Auswahlkriterien der Gas- und Stromkonzessionsvergabe bei Rekommunalisierung
« NewsübersichtUrteil des OVG Lüneburg vom 11.09.2013 – Az.: 10 ME 87/12
Das Oberverwaltungsgericht (kurz: OVG) Lüneburg hatte im Rahmen des zitierten Urteils über die Rechtmäßigkeit einer kommunalaufsichtsrechtlichen Beanstandungsverfügung und insbesondere darüber zu befinden, welche Abwägungskriterien eine Kommune bei der Vergabe von Strom- und Gaskonzessionen in welchem Umfang zu berücksichtigen hat. Die Gemeinde wollte im Rahmen einer Rekommunalisierung der Strom- und Gasnetze die Entscheidung über die Vergabe der Konzession vom kommunalen Einfluss auf die örtliche Energieversorgung abhängig machen und hatte hierfür im Rahmen des Konzessionsvergabeverfahrens eine Gewichtung von insgesamt 55 % vorgesehen. Die weiteren, auf § 1 Energiewirtschaftsgesetz (kurz: EnWG) beruhenden Kriterien wie die Versorgungssicherheit und effizienter Betrieb wurden lediglich mit 25 % für die Entscheidung gewichtet.
Die im Rahmen des durch Art. 28 Abs. 2 Grundgesetz garantierte gemeindlich Selbstverwaltungsgarantie beruft die Gemeinde zur Vergabe der Konzession von leitungsgebundenen Energien.
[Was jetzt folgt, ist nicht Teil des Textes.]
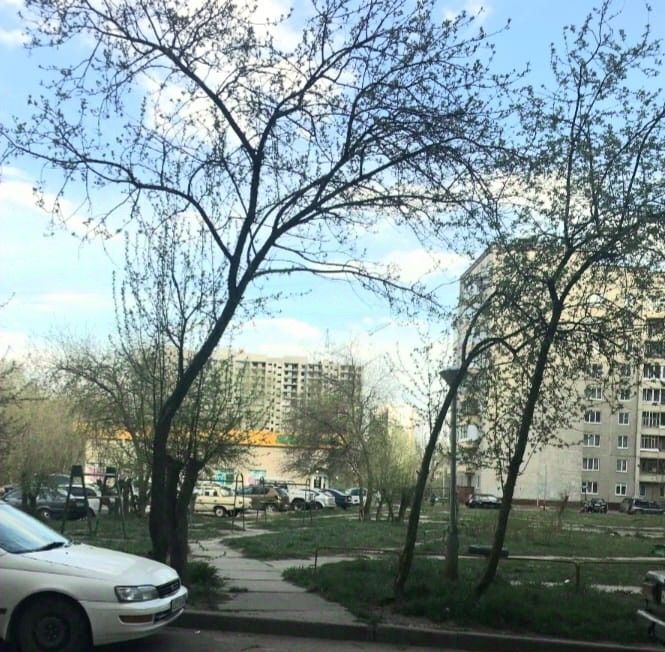 квартира г Северск ул Ленина 108 фото 4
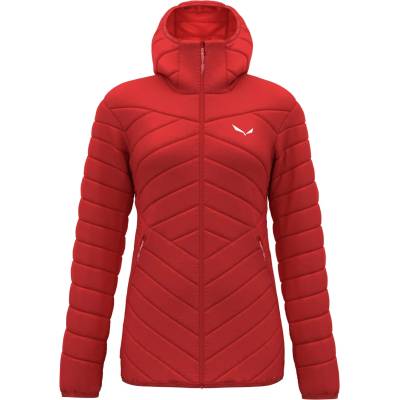 Salewa Дамско пухено яке Salewa Women's Brenta Jacket Down jacket - Flame - размер 34 (EU) (104-2636-1312)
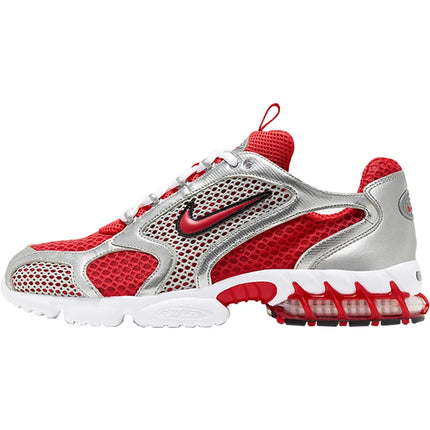 Scarpe da corsa retrò traspiranti in mesh da uomo Nike Genuine Summer CJ1288-600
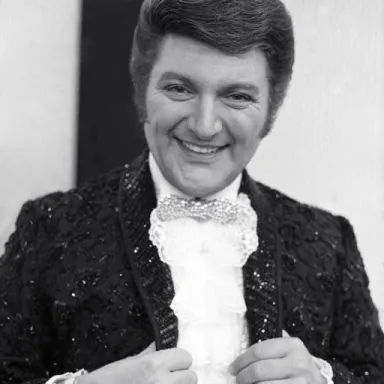 Liberace profile photo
Die spezialgesetzliche Regelung zur Konzessionsvergabe findet sich in § 46 EnWG, der bestimmt, dass Verträge von Energieversorgungsunternehmen mit Gemeinden über die Nutzung öffentlicher Verkehrswege für die Verlegung und den Betrieb von Leitungen, die zu einem Energieversorgungsnetz der allgemeinen Versorgung im Gemeindegebiet gehören, höchstens für die Laufzeit von 20 Jahren abgeschlossen werden dürfen. Dem Grunde nach besteht Einigkeit darüber, dass das europäische Vergabeverfahren nach §§ 97 ff. Gesetz gegen Wettbewerbsbeschränkung (kurz: GWB) auf die Konzessionsvergabe nicht unmittelbar Anwendung findet. Es ist jedoch verpflichtend vorgesehen, dass ein transparentes und diskriminierungsfreies Auswahlverfahren durch die Gemeinde durchzuführen ist.
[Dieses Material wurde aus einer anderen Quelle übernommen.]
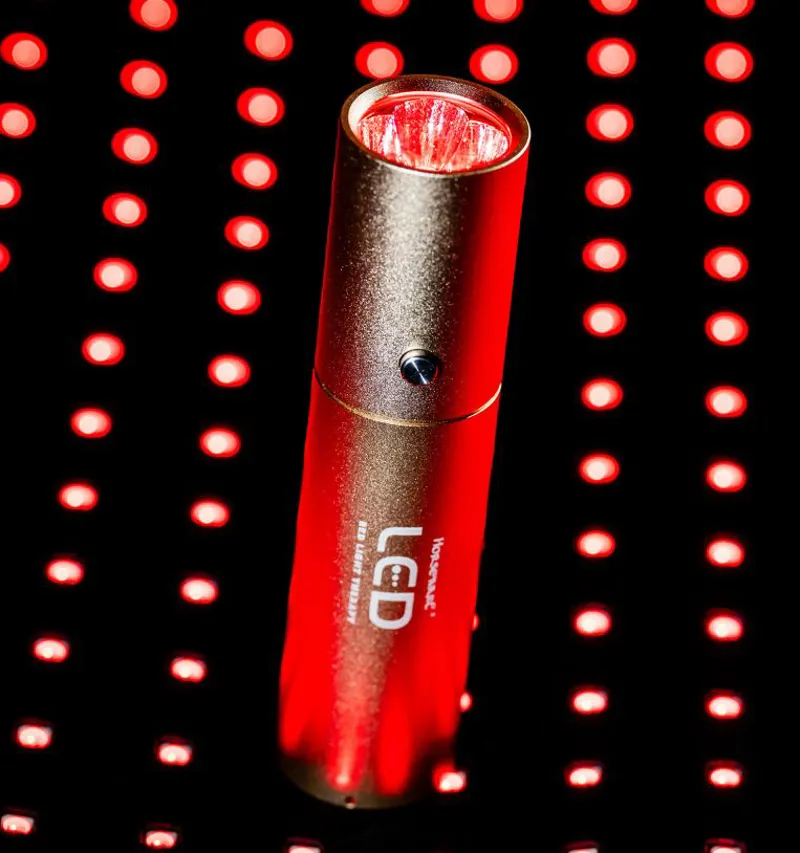Horseware LED Red Light Therapy Wand-7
Die Gemeinde muss daher im Rahmen der Vergabe bereits im Vorwege die Auswahlkriterien dergestalt konkretisieren, dass diese ausreichend bestimmbar für die Bewerber sind. Ferner gibt § 46 Abs. 3 Satz 5 EnWG vor, dass die Gemeinde bei der Auswahlentscheidung der Konzessionsvergabe den Zielen des § 1 EnWG verpflichtet ist. Die kommunale Einflussnahme und eine angemessen Beteiligung an der erzielten Deckungsbeiträgen ist von den Zielen nicht erfasst. Ob die beiden vorgenannten Auswahlkriterien überhaupt bei der Auswahl berücksichtigt werden dürfen, ist in der Literatur und Rechtsprechung umstritten.
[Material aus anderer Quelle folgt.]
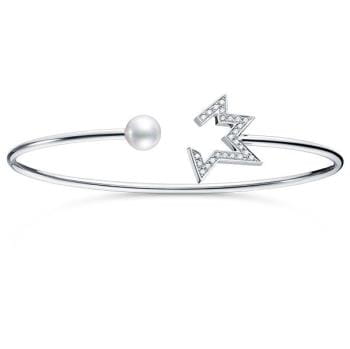 TASAKI Comet Bracelet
Das OVG Lüneburg hat nunmehr entschieden, dass zunächst § 46 Abs. 3 Satz 5 EnWG nicht vorgibt, dass allein die Ziele des § 1 EnWG bei den Auswahlkriterien zu berücksichtigen sind. Somit sind insbesondere die kommunale Einflussnahme auf den Netzbetrieb oder auch eine angemessene Beteiligung grundsätzlich zulässig. Das Urteil beschränkt jedoch die Gemeinde dahingehend, dass die Ziele des § 1 EnWG zumindest zu 50 % zu berücksichtigen seien und folglich eine Übergewichtung von 55 % zugunsten einer Rekommunalisierung der Versorgungsnetze nicht dem Gesetzeszweck ausreichend Rechnung trägt.
Die Entscheidung des OVG Lüneburg ist dahingehend zu begrüßen, dass die Gemeinde neben den Zielen des § 1 EnWG auch weitere Auswahlkriterien heranziehen kann. Es muss jedoch bereits im Rahmen der Beschreibung der Auswahlkriterien zwingend auf eine ausreichende Bestimmbarkeit der Kriterien Wert gelegt werden. Die Schwelle einer Gewichtung von 50 % findet zunächst keinen Anknüpfungspunkt im Gesetz. Sicherlich müssen die Ziele des § 1 EnWG angemessen im Rahmen der Konzessionsvergabe Berücksichtigung finden, jedoch muss dies anhand des Einzelfalls bestimmt werden. Jedoch führt das Urteil zunächst zu einer gewissen Rechtssicherheit, dass die Gemeinden im Rahmen der Vergabe zumindest 49 % der Entscheidung vom kommunalen Einfluss abhängig machen könnten.